▶ **Exercise aim**: Output only the lines from the line holding "Sediul Poliției din" through the close of the records, exactly as they appear, with all pictures omitted.

▶ **Given data**:
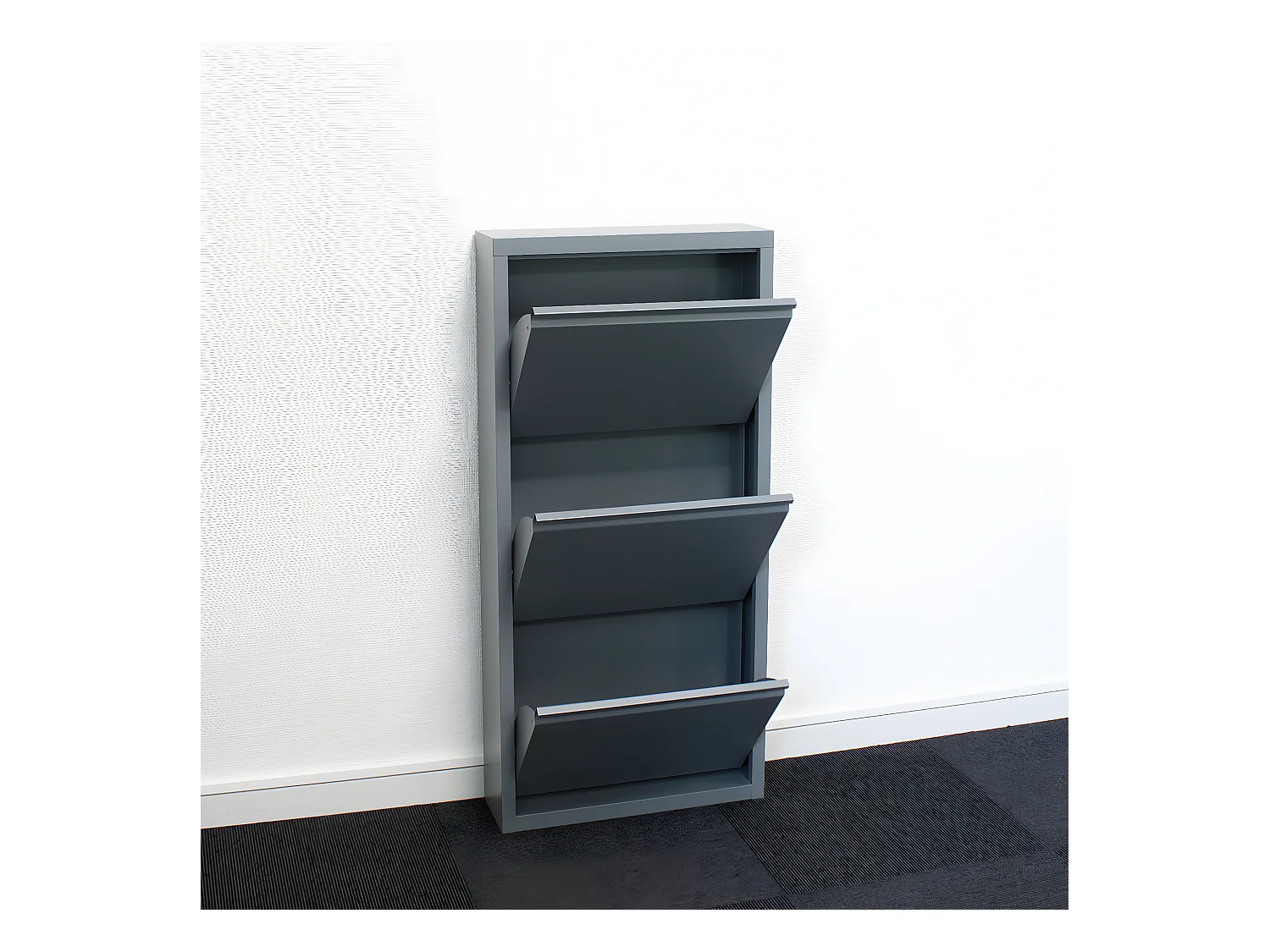 Scarpiera Pisa a 9 ante in grigio metallizzato. Consegnata completamente montata.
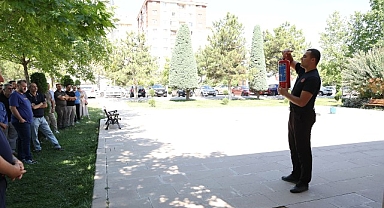 Selçuklu Belediyesi Personeline Uygulamalı Yangın Eğitimi Verildi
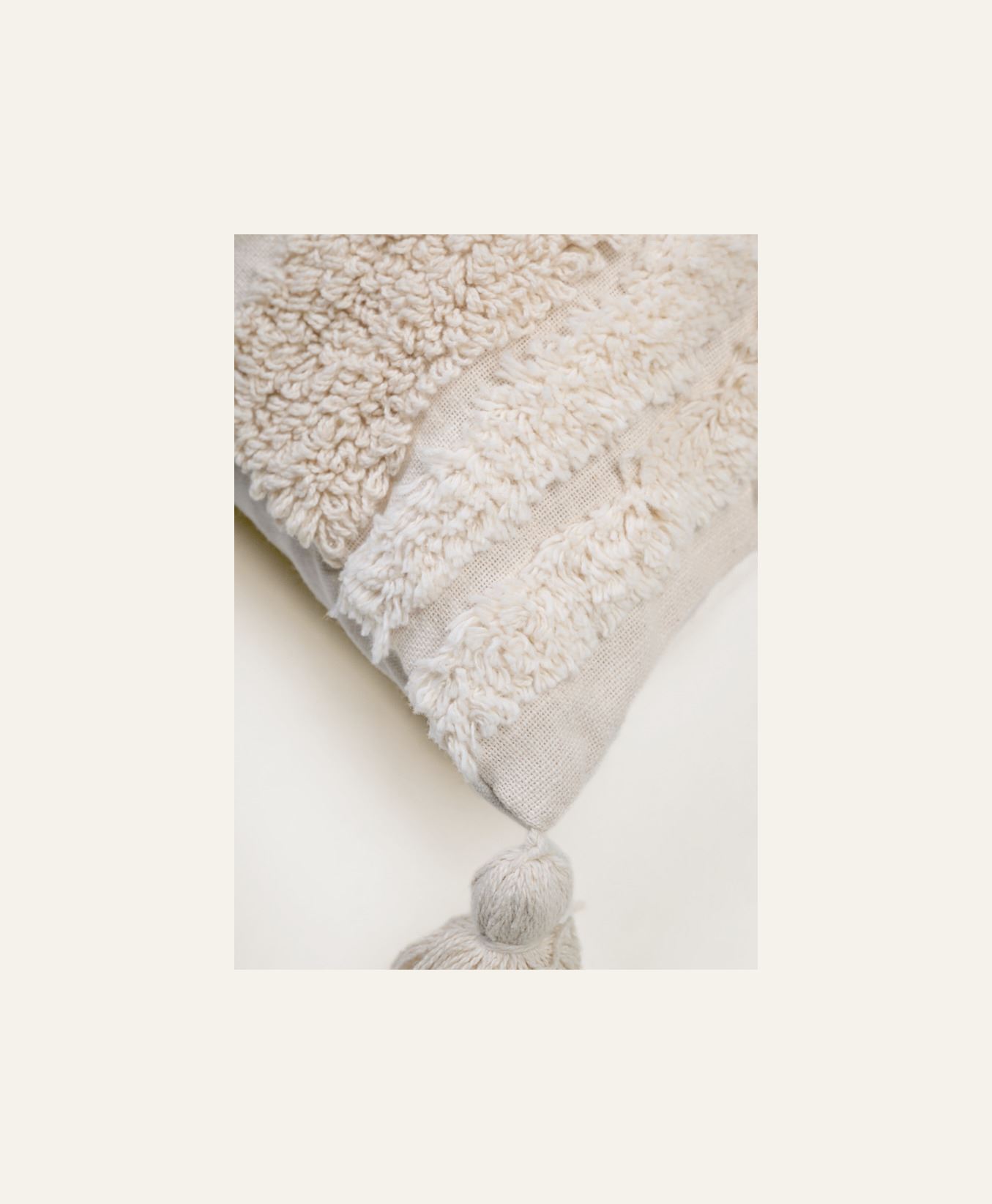 Koristetyynynpäällinen luonnonvalkoinen - 2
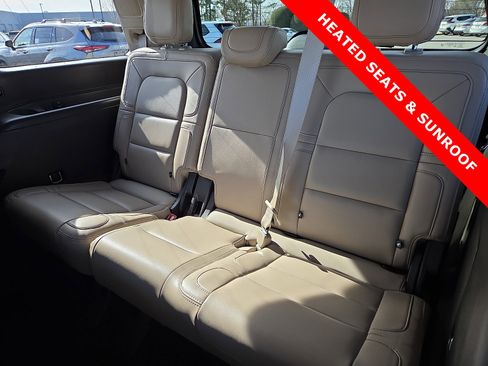 Used 2022 Lincoln Navigator Reserve image 10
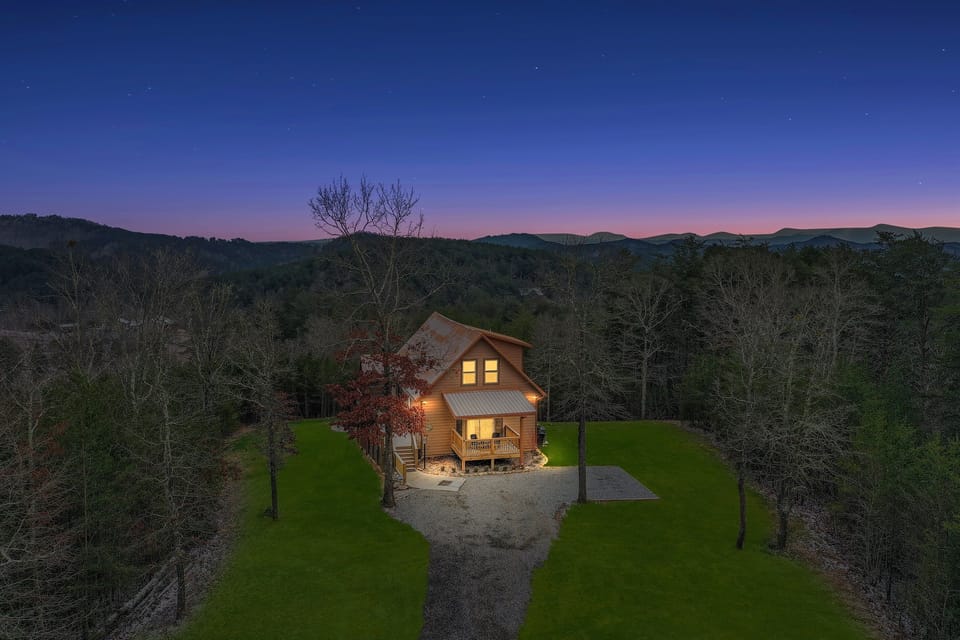 Dusk in the Moutains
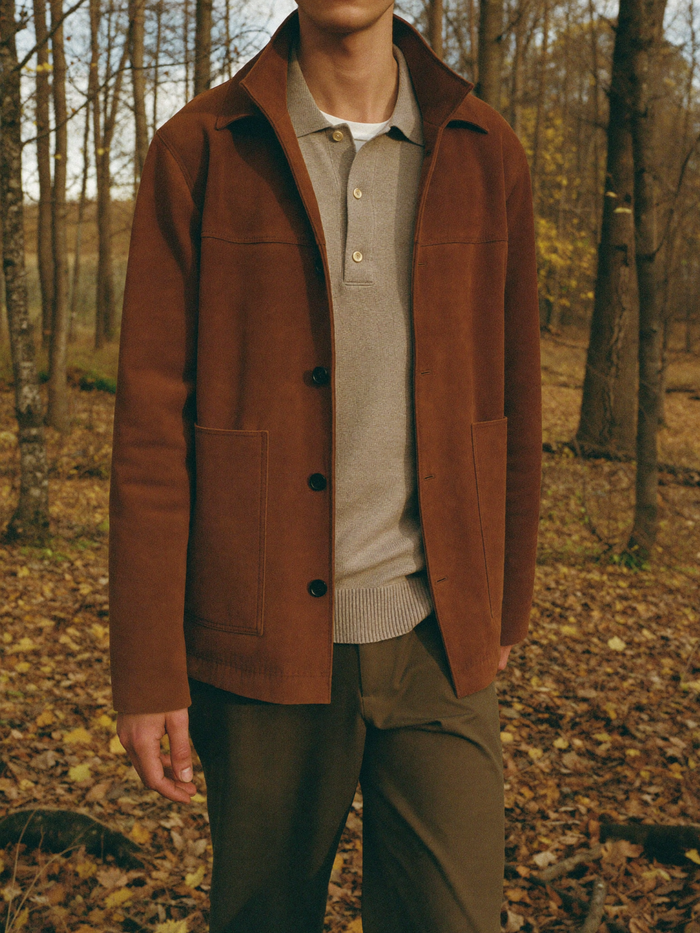 Look: Wildlederjacke im Buchenwald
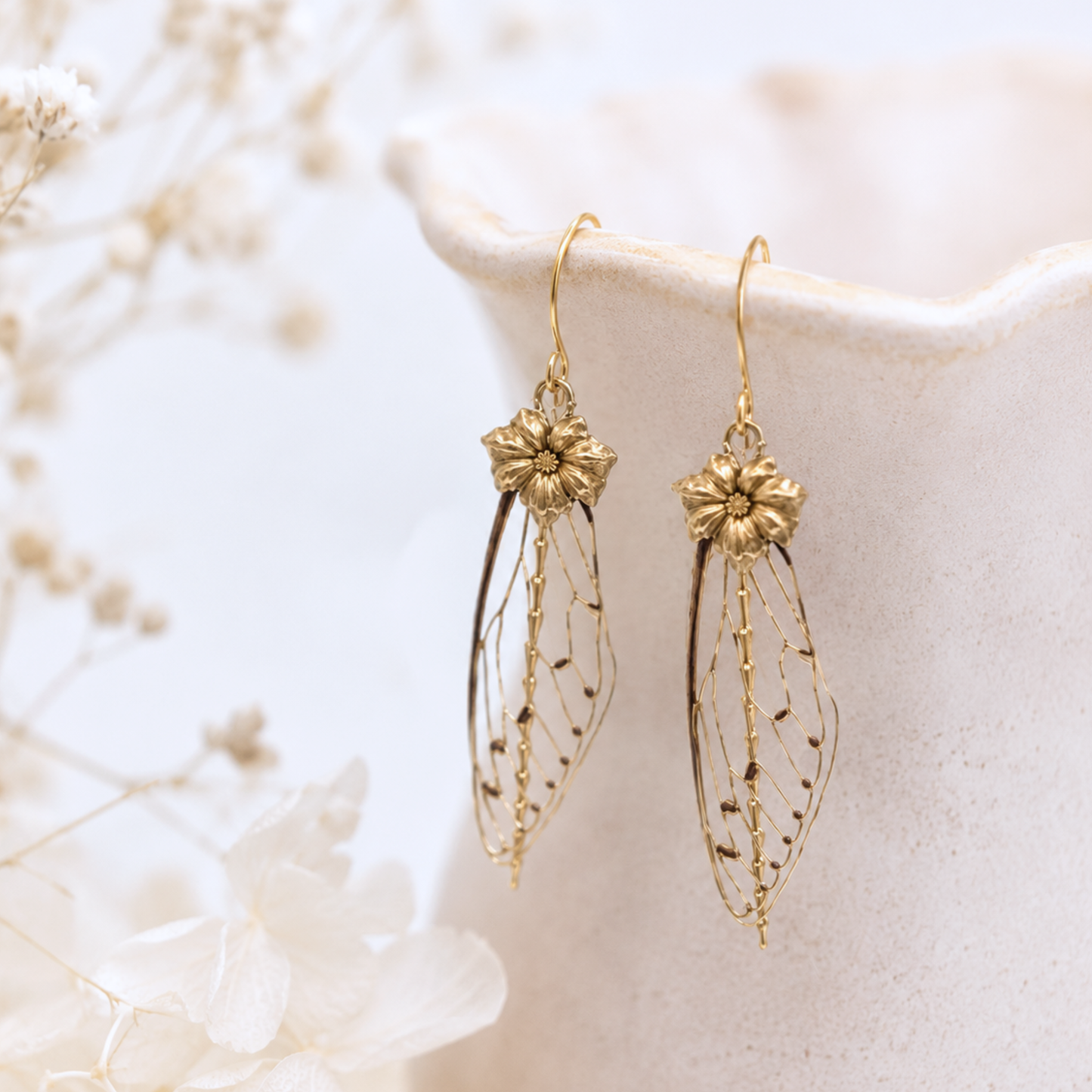 Détail boucles Cigale Fleur – bijou féérique ailes de cigale fait main Victorian Rehab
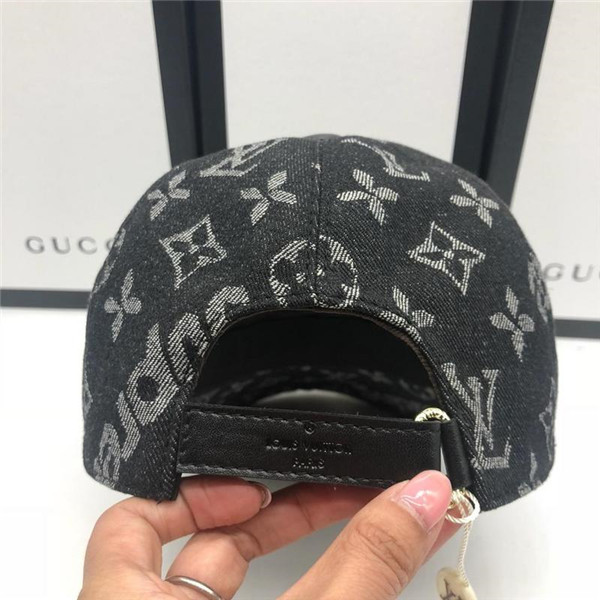 Louis Vuitton Baseball Cap With Box Full Package Size For Couples 006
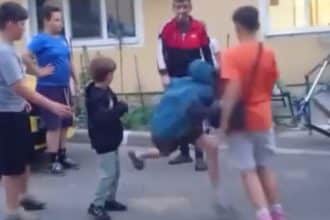 Sediul Poliției din Bocșa, Caraș-Severin, unde a fost audiat bărbatul care a încurajat agresiunea între doi minori.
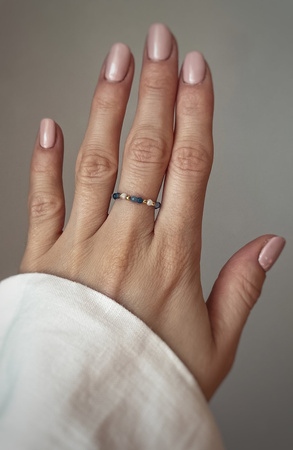 Elastic ring with natural sodalite and moonstone stones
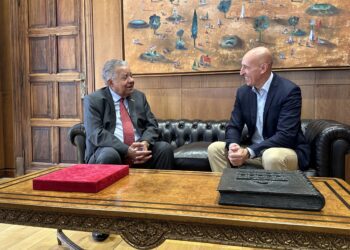 Dominicanos en León Homenajean al Embajador Juan Bolívar Díaz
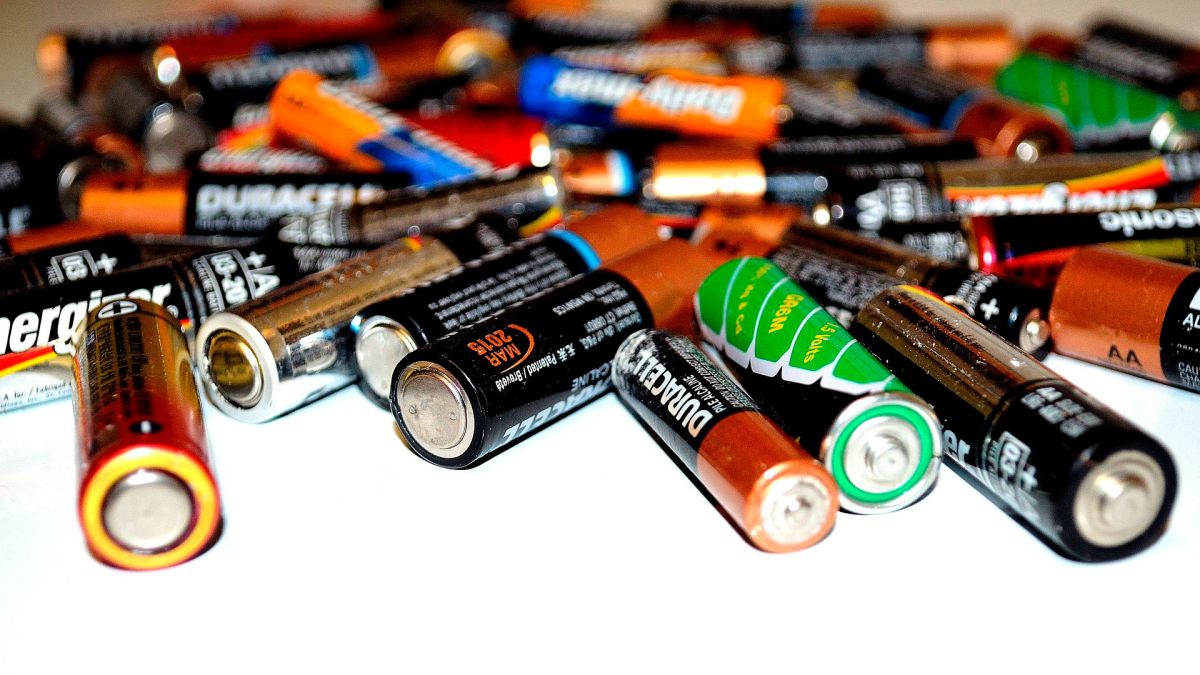 En esta temporada necesitarás muchas baterías, pero no deberías comprarlas en cualquier lado.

▶ **Solution for this problem**:
 Sediul Poliției din Bocșa, Caraș-Severin, unde a fost audiat bărbatul care a încurajat agresiunea între doi minori.
 Elastic ring with natural sodalite and moonstone stones
 Dominicanos en León Homenajean al Embajador Juan Bolívar Díaz
 En esta temporada necesitarás muchas baterías, pero no deberías comprarlas en cualquier lado.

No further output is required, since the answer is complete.